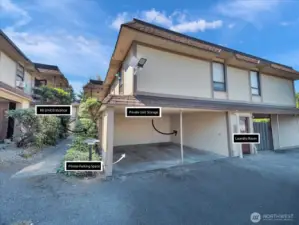 Experience effortless living in this gated community, where your carport, storage, and secure laundry are all just steps away from your front door.
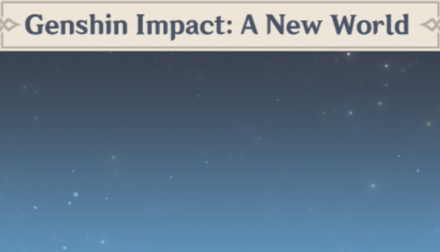 Genshin - Genshin Impact: A New World Namecard Showcase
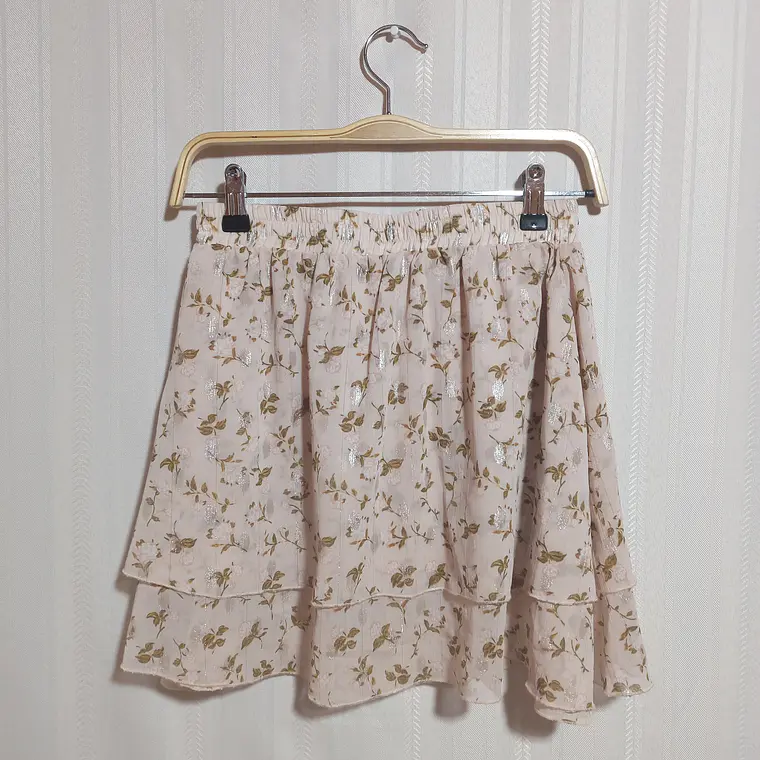 FALDA NIÑA FLOREADA ZEBRA TALLA XS 1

* [WHAT THE TASK ASKS]:
Pictures are to be left out; repeat all the remaining data exactly.

* [ANSWER SECTION]:
 Experience effortless living in this gated community, where your carport, storage, and secure laundry are all just steps away from your front door.
 Genshin - Genshin Impact: A New World Namecard Showcase
 FALDA NIÑA FLOREADA ZEBRA TALLA XS 1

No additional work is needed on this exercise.